Joe: While all of that may be true, I think it's really hard from a CTO's perspective, or from a key stakeholder's perspective, to go to the business and advocate for dollars when the dollars are needed strictly for rehabilitating a system that may be unhealthy. Because there's a stigma there, it's all of a sudden you have to explain to nontechnical people some very technical things, and it's really easy for that conversation to get turned around into, "Why isn't it healthy? Right? It was your job to keep this thing up and running, and successful forever, and so why would we need to bring in anybody else?"
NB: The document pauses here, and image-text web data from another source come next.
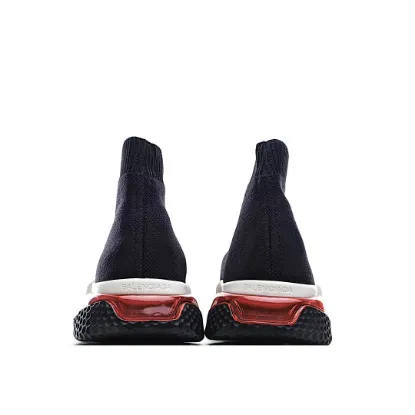 Picture of BALENCIAGA SNEAKER TESS S.GOMMA MESH BLACK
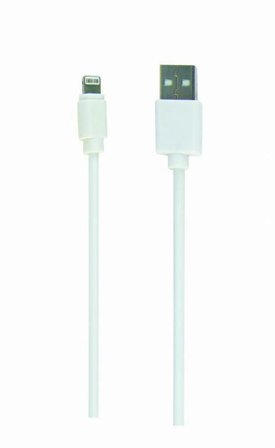 GEMBIRD Cablexpert Lightning-kabel - Lightning / USB 2.0 - 1 m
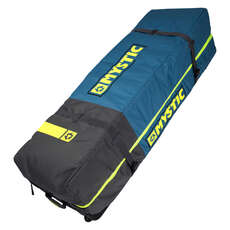 Mystic Kitesurf Ammo Box Doble Boardbag - Estaño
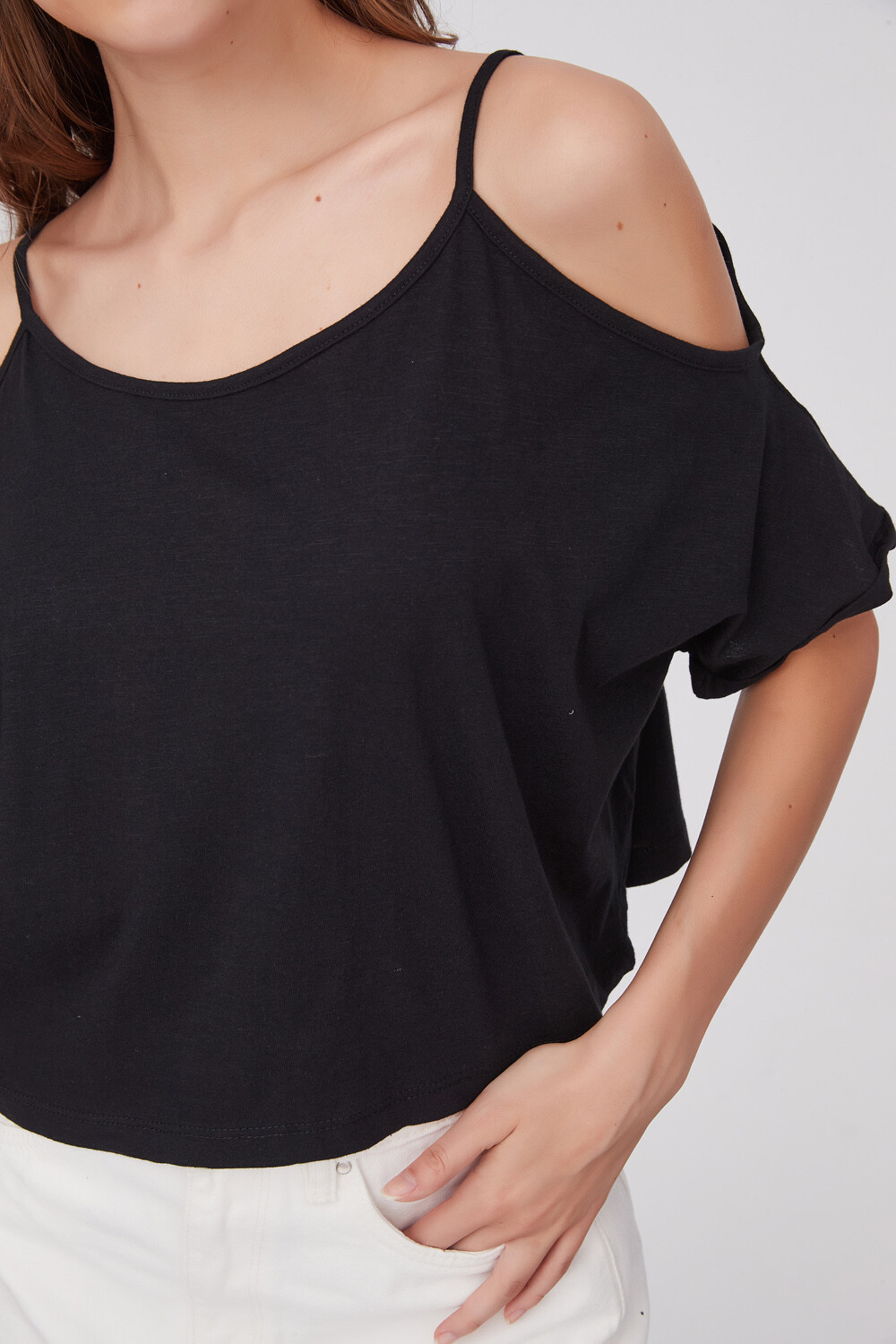 Remera Argo Negro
Joe: Which really is unfortunate, because every system needs help. No software program ever has been released without bugs. Sometimes those bugs get fixed really quick and dirty, and so there needs to be some love that goes into going back and rebuilding something. New business features are actually the biggest driver of legacy code that can be hard to maintain because it can sometimes be easier to bolt on a solution in a quick way rather than going back and planning and viewing the entire architecture and looking for the best way to add a new feature.
Joe: There are lots of reasons people get into the situation, but suffice it to say that when Def Method gets called, typically we're getting called not specifically for help with the code base, and so we have to look a little deeper to see, "Well, is our help needed on the code base or do they really just need staff augmentation?"
Corey: Say a company calls you, and says, "We need more bodies," like you were saying is often the initial ask. How do you get them from that to acknowledging the real problems that the software might have that they need help with?
Joe: Many times we do our diligence, so it starts there, right? We acknowledge that any system that has been up and running for some substantial amount of time has been successful, right? So developers have come in, engineers, architects, product managers, business people have come together to build a product that is successful, and has achieved some measure of success or else we wouldn't be there. There'd be no money, we wouldn't be able to go in and do anything.
Joe: So if we approach it with that amount of respect, then we're able to look at it and say, "Okay, how can we provide value?" Sometimes that starts with a simple code audit, if it's a small project. If it's a larger project, it may start with ... It could be one of our developers that is just sitting down, working with an engineer on the team to try to do something simple, build a new feature, resolve a bug.
Joe: A lot of times, we do this up front and we start to call some of the things that are really issues with the system. Honestly, we just have really frank, candid feedback for the people that are requesting our presence, to say, "Yes, we want to come in and help you. Yes, we think we can make positive progress. Here's what we think we need to do in order to make that positive progress."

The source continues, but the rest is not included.